Kyrgyzstan 2010: Conflict and Context

Silk Road Paper July, 2016, pp. 146

Kyrgyzstan gained independence at the end of 1991 and immediately embarked on an ambitious program of economic reform. This was underpinned by a commitment to democratic ideals and the emergence of a thriving civil society. The international community was impressed and regarded Kyrgyzstan as an exemplary model for regional development. There were many Kyrgyz, especially among the educated, urban sector of the population, who shared this positive view. Consequently, it came as a shock when, in 2010, the country was engulfed by a terrible series of violent clashes. It was tempting to seek “instant” culprits and readily comprehensible “causes.” The easiest solution was to present the conflict as an internecine struggle between rival ethnic communities. However, as those with long first-hand experience of the region pointed out, this explanation was too simplistic.

Some commentators suggested that a “third force” was responsible for the violence, variously identified as supporters of ex-President Bakiev, Islamist groups, criminal gangs, foreign powers – or a combination of these elements. Such allegations may indeed have contained a grain of truth, but they were at best only partial explanations.

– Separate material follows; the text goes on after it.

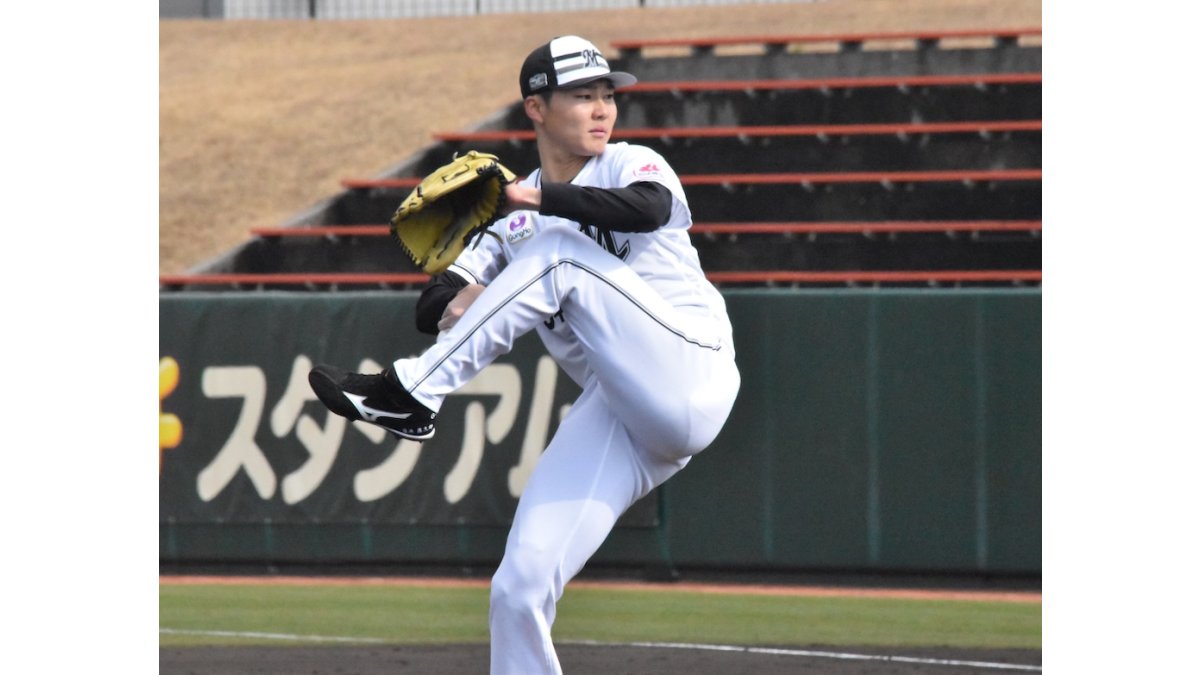 Lotte's Koshiro Hiroike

Looking back at the country’s recent history, it is clear that the conflict took place against a background of social tension, disaffection and increasingly anarchic tendencies; external factors, especially the rivalry between the United States and Russia, did not help matters. This paper argues that the events of 2010 ought not to be examined in isolation but should be set within the systemic and structural “anatomy” of Kyrgyzstan, as well as the wider geopolitical environment. In retrospect, was the 2010 conflict a turning point that allowed the country to make a fresh start – to address inherent problems? Or was it just another episode in a series of upheavals that shocked society, but failed to bring about real change? There are still no definitive answers to these questions. Nevertheless, it is worth revisiting the events of that year to try to identify key developments. Firstly, what were the “conflictogenic factors” that created the preconditions for violence? Secondly, what happened – what was the sequence of events, the role of the protagonists and the damage that resulted? Thirdly, what are the post-conflict trends within Kyrgyzstan, and how has it responded to the changing geopolitical environment – especially the growing influence of China and other Asian states? Finally, through the prism of the conflict, it is important to try to understand the challenges that Kyrgyzstan faces today.